You’ll also want to turn your gaze upward in the Monkey Room, the Pavilion’s original parlor. Dating back to 1738, the newly restored ceiling here is painted in the whimsical singerie style, depicting monkeys dressed in 18th-century finery as they fish and shoot for ducks. From here, a crooked staircase leads up to the octagonal den above, now a cozy whisky bar with a wraparound banquette.
Next door, the Monkey Island Brasserie is the hotel’s sole restaurant, a beautiful room with herringbone floors, French doors that open onto a riverside terrace, and gorgeous turquoise wallpaper inspired by the peacocks that once roamed the estate. In his open kitchen, chef Matthew Price turns out full-flavored British brasserie fare like fisherman’s pie and house-smoked Loch Duart salmon with wasabi-yogurt dressing.
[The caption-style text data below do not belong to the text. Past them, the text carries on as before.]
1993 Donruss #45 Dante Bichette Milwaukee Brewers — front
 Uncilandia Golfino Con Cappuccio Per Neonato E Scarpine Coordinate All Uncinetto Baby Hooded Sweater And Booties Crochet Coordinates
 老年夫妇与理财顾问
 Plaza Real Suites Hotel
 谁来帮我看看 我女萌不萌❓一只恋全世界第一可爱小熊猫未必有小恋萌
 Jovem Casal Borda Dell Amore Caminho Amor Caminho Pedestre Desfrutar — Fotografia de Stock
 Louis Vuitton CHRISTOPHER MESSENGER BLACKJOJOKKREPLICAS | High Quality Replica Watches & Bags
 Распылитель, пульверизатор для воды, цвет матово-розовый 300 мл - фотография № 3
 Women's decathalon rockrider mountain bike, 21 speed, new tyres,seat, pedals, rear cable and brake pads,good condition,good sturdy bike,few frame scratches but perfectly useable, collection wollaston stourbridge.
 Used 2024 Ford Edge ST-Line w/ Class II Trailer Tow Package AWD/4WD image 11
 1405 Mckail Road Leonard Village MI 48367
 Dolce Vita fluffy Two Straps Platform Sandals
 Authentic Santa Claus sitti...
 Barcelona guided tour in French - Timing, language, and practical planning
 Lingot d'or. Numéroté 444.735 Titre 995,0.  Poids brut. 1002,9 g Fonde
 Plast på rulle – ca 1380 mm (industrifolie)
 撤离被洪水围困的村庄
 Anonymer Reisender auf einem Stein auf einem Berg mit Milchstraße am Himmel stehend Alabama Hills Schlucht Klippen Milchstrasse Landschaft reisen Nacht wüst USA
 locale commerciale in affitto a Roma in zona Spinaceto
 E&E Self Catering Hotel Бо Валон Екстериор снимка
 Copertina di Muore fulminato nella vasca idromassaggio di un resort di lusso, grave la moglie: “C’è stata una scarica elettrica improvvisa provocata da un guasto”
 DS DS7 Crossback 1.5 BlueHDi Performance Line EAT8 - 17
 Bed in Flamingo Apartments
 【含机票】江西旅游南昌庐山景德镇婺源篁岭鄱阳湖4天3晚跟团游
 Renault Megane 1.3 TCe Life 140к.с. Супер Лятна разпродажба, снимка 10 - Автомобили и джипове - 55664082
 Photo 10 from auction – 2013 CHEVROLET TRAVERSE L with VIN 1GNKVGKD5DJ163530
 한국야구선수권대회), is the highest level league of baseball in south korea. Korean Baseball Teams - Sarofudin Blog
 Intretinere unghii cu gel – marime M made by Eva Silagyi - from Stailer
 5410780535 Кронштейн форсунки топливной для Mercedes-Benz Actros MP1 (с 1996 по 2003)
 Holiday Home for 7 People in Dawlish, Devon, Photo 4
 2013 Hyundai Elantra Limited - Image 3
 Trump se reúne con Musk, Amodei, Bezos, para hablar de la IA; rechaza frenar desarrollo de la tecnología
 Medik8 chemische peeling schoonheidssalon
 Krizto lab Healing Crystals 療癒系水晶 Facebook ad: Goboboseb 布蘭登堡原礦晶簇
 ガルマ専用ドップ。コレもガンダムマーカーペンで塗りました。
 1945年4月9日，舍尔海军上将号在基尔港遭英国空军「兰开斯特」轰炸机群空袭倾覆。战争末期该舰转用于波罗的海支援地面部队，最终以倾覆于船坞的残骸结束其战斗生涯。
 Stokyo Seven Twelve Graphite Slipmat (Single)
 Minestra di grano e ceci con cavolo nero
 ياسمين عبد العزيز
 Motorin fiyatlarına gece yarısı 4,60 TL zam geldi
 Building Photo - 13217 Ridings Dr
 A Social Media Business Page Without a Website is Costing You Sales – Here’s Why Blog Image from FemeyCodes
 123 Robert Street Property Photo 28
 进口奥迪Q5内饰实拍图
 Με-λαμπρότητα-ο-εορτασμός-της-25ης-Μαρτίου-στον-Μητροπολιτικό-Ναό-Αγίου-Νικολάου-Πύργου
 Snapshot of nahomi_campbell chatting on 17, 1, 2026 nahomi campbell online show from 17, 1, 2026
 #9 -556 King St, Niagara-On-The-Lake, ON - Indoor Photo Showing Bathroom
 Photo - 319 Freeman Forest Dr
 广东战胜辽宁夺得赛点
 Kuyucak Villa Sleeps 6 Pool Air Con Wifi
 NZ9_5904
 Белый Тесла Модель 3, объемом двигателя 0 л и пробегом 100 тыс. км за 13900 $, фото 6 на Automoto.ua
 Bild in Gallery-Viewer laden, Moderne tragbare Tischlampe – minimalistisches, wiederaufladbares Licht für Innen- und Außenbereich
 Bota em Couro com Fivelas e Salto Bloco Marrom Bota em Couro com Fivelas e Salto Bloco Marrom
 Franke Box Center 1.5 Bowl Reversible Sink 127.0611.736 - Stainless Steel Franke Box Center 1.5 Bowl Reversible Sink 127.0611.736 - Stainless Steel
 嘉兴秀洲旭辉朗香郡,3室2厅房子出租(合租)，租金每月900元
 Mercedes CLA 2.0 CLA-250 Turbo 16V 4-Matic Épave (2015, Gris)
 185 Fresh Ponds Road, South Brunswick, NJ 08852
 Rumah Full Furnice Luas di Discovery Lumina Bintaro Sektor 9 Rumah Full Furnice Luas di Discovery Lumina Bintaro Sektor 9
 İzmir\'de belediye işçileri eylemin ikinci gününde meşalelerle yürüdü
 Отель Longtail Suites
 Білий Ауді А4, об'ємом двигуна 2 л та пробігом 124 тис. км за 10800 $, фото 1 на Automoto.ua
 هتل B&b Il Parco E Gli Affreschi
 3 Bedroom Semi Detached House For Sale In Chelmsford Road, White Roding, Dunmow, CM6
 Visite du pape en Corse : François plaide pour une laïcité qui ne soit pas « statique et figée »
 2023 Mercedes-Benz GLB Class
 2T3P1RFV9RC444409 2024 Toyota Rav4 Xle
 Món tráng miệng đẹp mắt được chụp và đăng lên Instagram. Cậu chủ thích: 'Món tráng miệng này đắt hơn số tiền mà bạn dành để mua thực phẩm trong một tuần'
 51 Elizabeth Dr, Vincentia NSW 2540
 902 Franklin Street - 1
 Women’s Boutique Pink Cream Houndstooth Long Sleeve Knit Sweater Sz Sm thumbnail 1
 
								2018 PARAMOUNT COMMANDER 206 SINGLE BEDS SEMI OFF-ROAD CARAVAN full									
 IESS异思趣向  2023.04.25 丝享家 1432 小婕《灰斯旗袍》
There may not be countryside to wander here, but there is the river. An Edwardian-style launch is on hand for languid cocktail-and-canapé cruises on the Thames; you can even hire it to go down to Eton or Windsor, or up to Bray to dine at two of the country’s most acclaimed restaurants—Heston Blumenthal’s The Fat Duck and the Roux family’s Waterside Inn. The hotel’s spa is afloat as well: it occupies a purpose-built canal boat moored alongside the island. Novelty factor aside, the treatments are as serene as the riverine setting. I signed up for the Monk’s Elixir, described in the spa menu as a combination of “booze, botany, and beauty.” A tribute to the liqueur-making monks who fished here (and likely inspired the island’s name) in the 12th century, the herbal-oil massage is prefaced with shots of Chartreuse, Frangelico, or Bénédictine.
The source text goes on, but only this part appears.